#### REQUIRED WORK
Images are not wanted; transcribe the rest of the listing exactly.

--*--

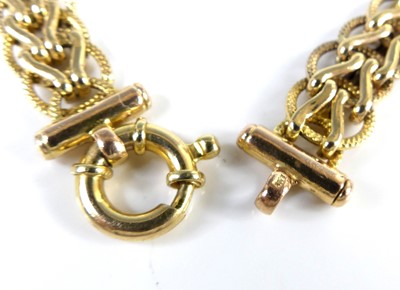 Lot 2611 - A 9ct gold spiga link bracelet, with ring...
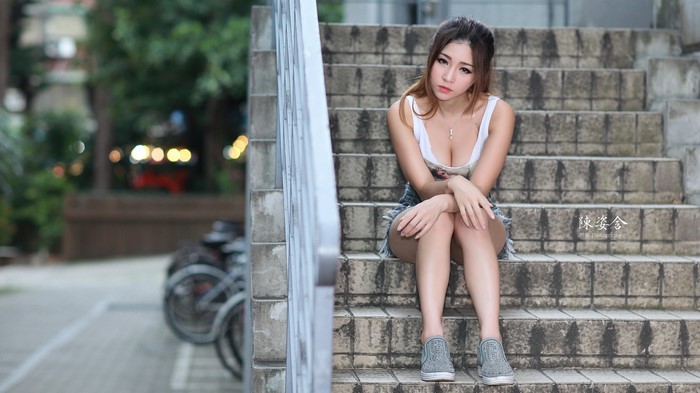Asian Woman Sitting on Stone Stairs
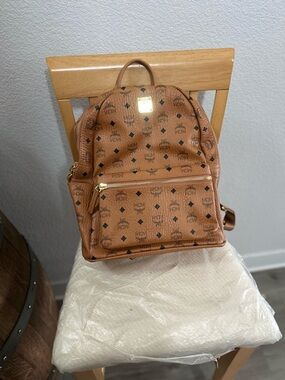 MCM Backpack with Gold Logo Accents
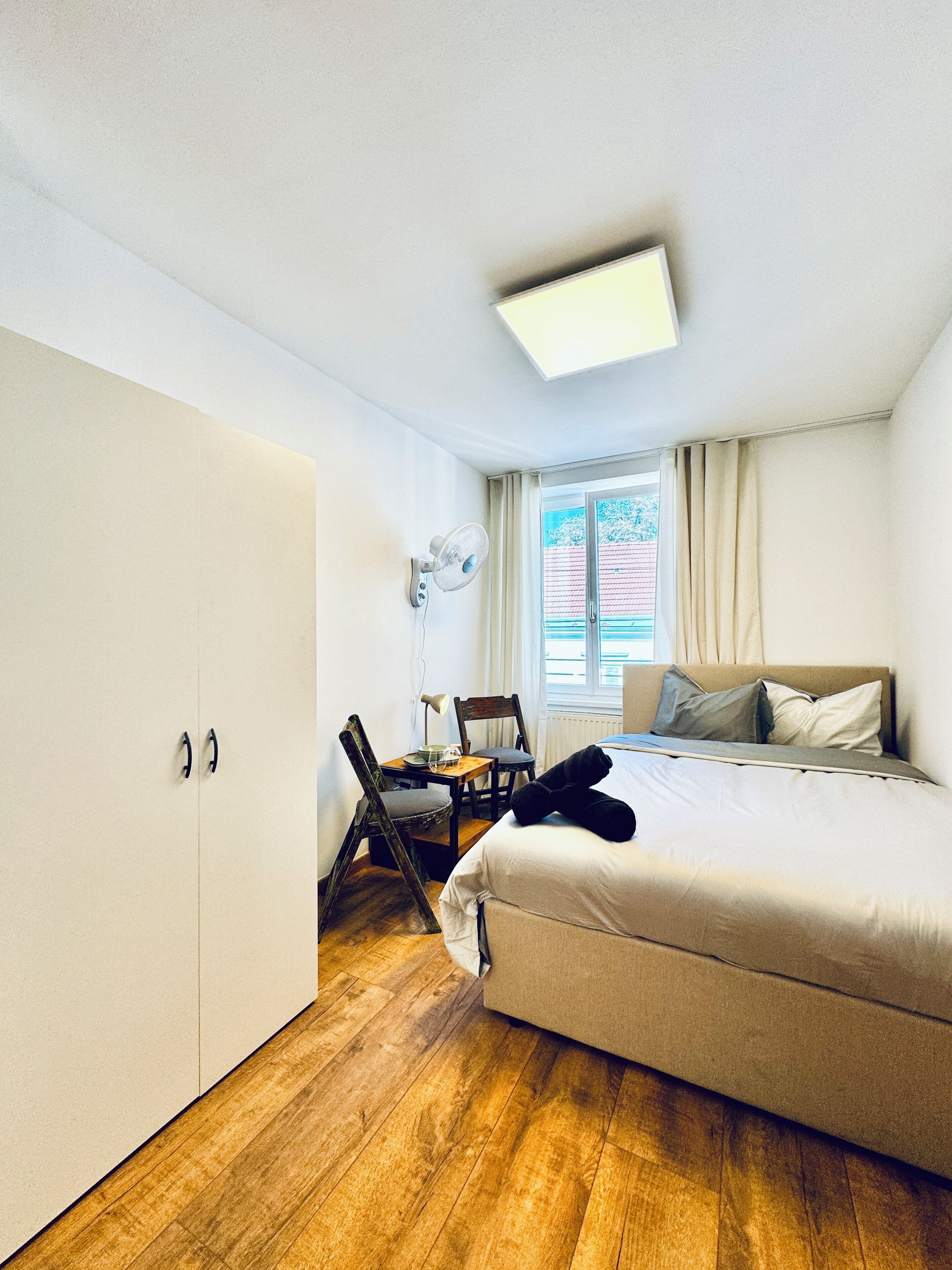 Une chambre à coucher avec un lit, un bureau et une chaise, une armoire et une fenêtre avec des rideaux.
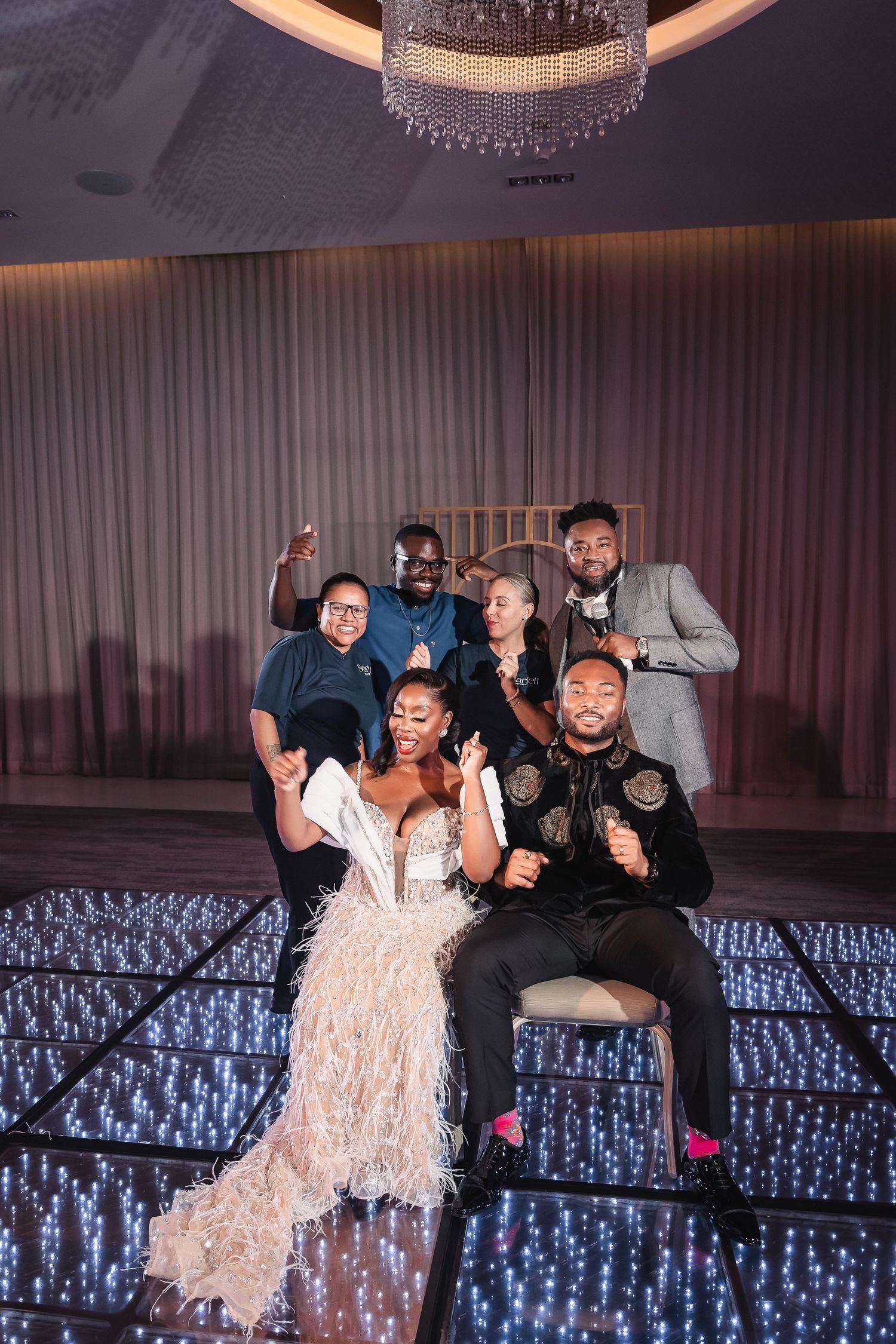 Wedding party poses playfully on illuminated dance floor under crystal chandelier.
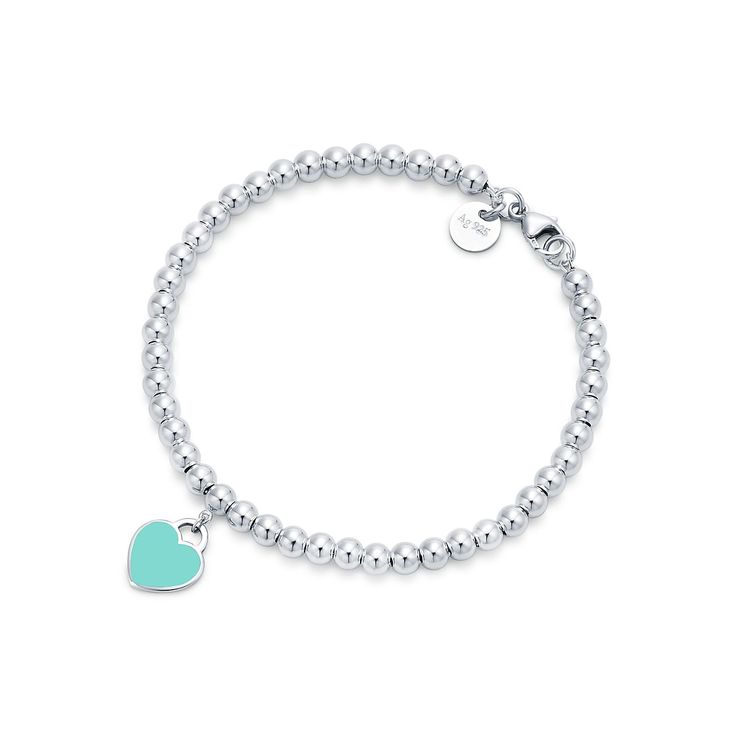 Inspired by the iconic key ring first introduced in 1969, the Return to Tiffany collection is a classic reinvented. An elegant bead bracelet and engraved tag combine to create a simple and timeless design. Sterling silver with Tiffany Blue® enamel finish; Size extra small; Fits wrists up to 5.25"; Beads, 4 mm; Instantly recognizable, the signature Tiffany Blue® hue of this design’s enamel finish has been as iconic as the brand itself since its founding in 1837 | Return to Tiffany® Tiffany Blue® Tiffany Bead Bracelet, Tiffany And Co Bracelet, Tiffany Bracelets, Return To Tiffany, Heart Tag, Silver Bead Bracelet, Tiffany And Co, Mini Heart, Heart Beads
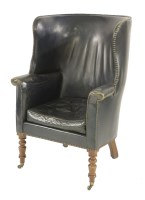 Lot 647 - A George III tub armchair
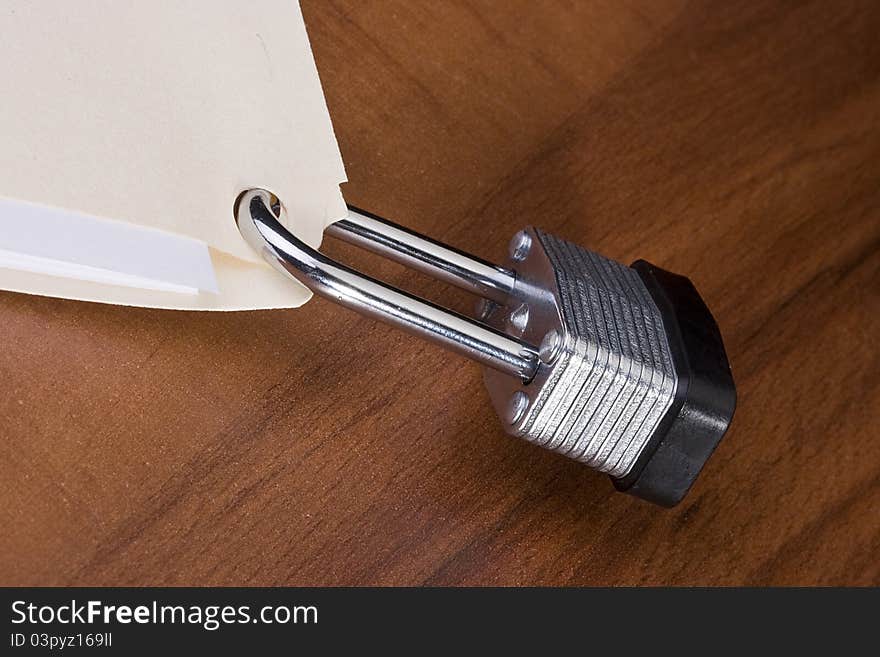 Manila folder closed with a metal lock. Manila folder closed with a metal lock.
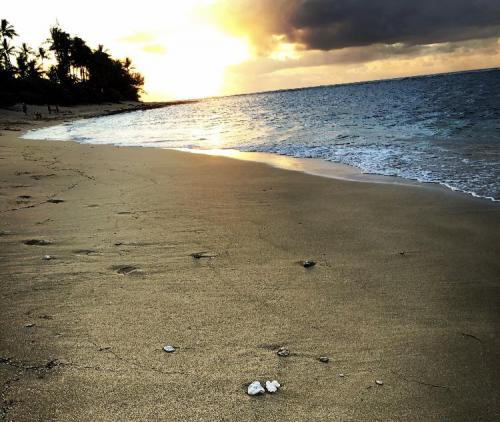 Sunset on a beach while on vacation in Hawaii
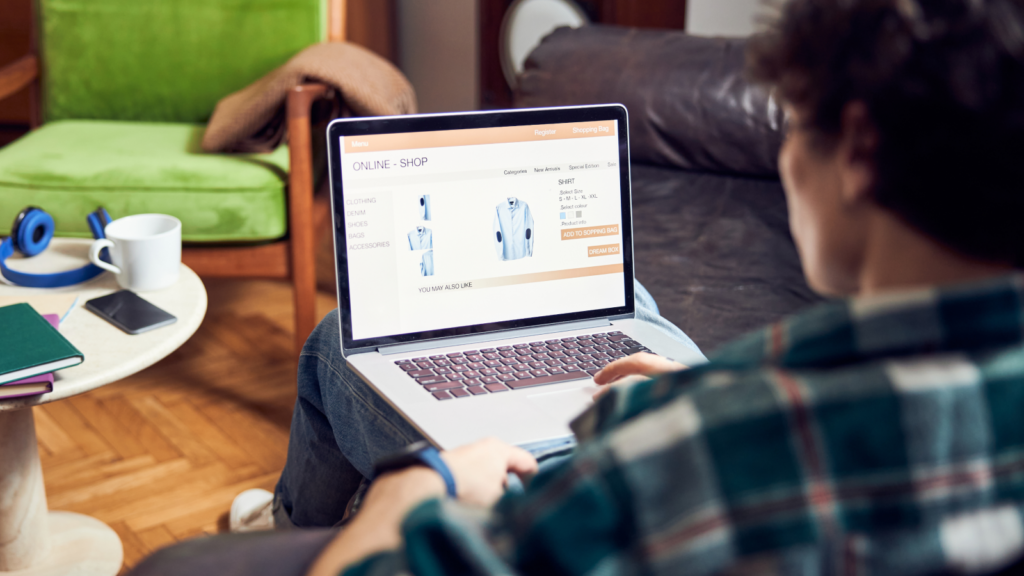01 What this means for your customers A backshot of a man sitting in a chair with a laptop and shopping online for shirts.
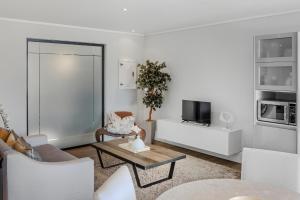 The gallery luxury one bedroom apartment unit 101 في كنيسنا: غرفة معيشة بأثاث أبيض وتلفزيون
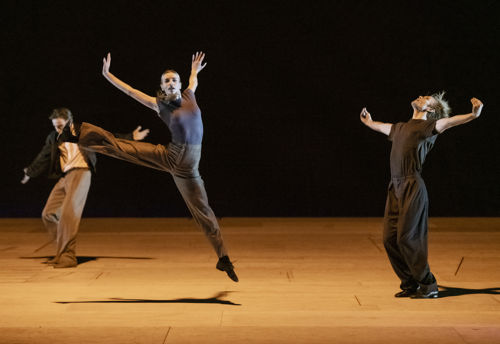 danser hopper mens to menn i bakgrunnen strekker på armene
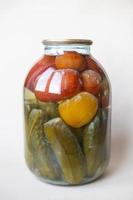 boîte gâtée de coutures de légumes. bocal en verre avec tomates et concombres marinés maison avec champignon blanc photo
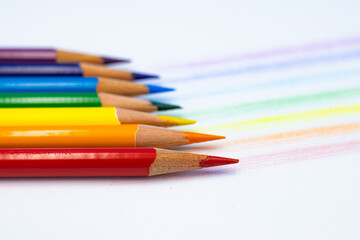 Useful office supplies such as colorful pencils and coloring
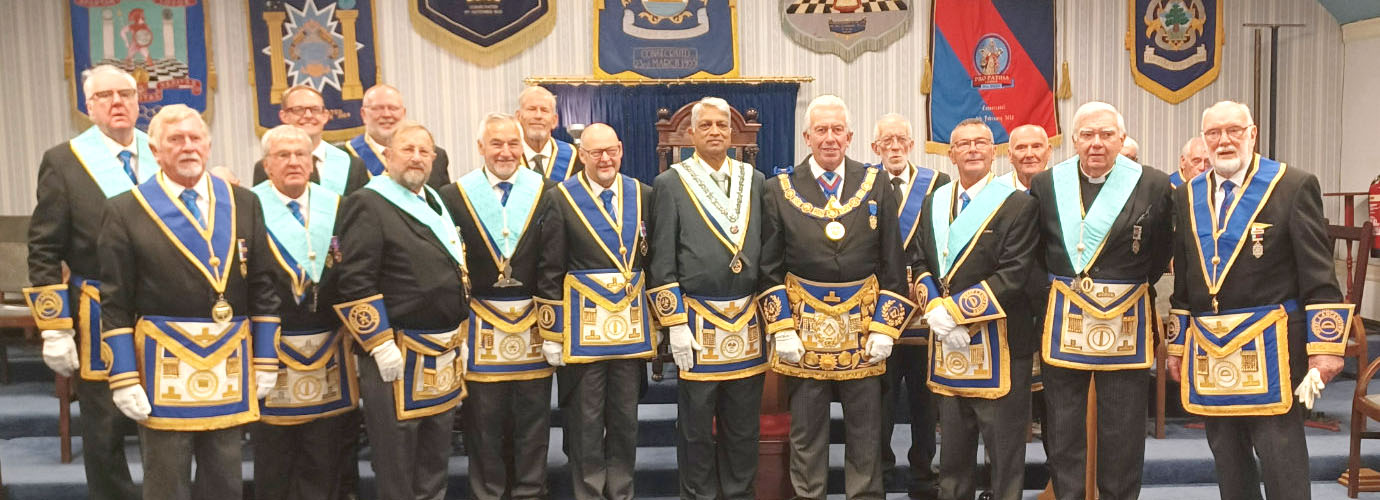 Mark Matthews (centre right), Cobarsanellore Ramesh (centre), John Cross (centre left) with the members of Bispham-with-Norbreck Lodge.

--*--

#### ANSWER TO THE PROBLEM
 Lot 2611 - A 9ct gold spiga link bracelet, with ring...
Asian Woman Sitting on Stone Stairs
 MCM Backpack with Gold Logo Accents
 Une chambre à coucher avec un lit, un bureau et une chaise, une armoire et une fenêtre avec des rideaux.
 Wedding party poses playfully on illuminated dance floor under crystal chandelier.
 Inspired by the iconic key ring first introduced in 1969, the Return to Tiffany collection is a classic reinvented. An elegant bead bracelet and engraved tag combine to create a simple and timeless design. Sterling silver with Tiffany Blue® enamel finish; Size extra small; Fits wrists up to 5.25"; Beads, 4 mm; Instantly recognizable, the signature Tiffany Blue® hue of this design’s enamel finish has been as iconic as the brand itself since its founding in 1837 | Return to Tiffany® Tiffany Blue® Tiffany Bead Bracelet, Tiffany And Co Bracelet, Tiffany Bracelets, Return To Tiffany, Heart Tag, Silver Bead Bracelet, Tiffany And Co, Mini Heart, Heart Beads
 Lot 647 - A George III tub armchair
 Manila folder closed with a metal lock. Manila folder closed with a metal lock.
 Sunset on a beach while on vacation in Hawaii
01 What this means for your customers A backshot of a man sitting in a chair with a laptop and shopping online for shirts.
 The gallery luxury one bedroom apartment unit 101 في كنيسنا: غرفة معيشة بأثاث أبيض وتلفزيون
 danser hopper mens to menn i bakgrunnen strekker på armene
 boîte gâtée de coutures de légumes. bocal en verre avec tomates et concombres marinés maison avec champignon blanc photo
 Useful office supplies such as colorful pencils and coloring
 Mark Matthews (centre right), Cobarsanellore Ramesh (centre), John Cross (centre left) with the members of Bispham-with-Norbreck Lodge.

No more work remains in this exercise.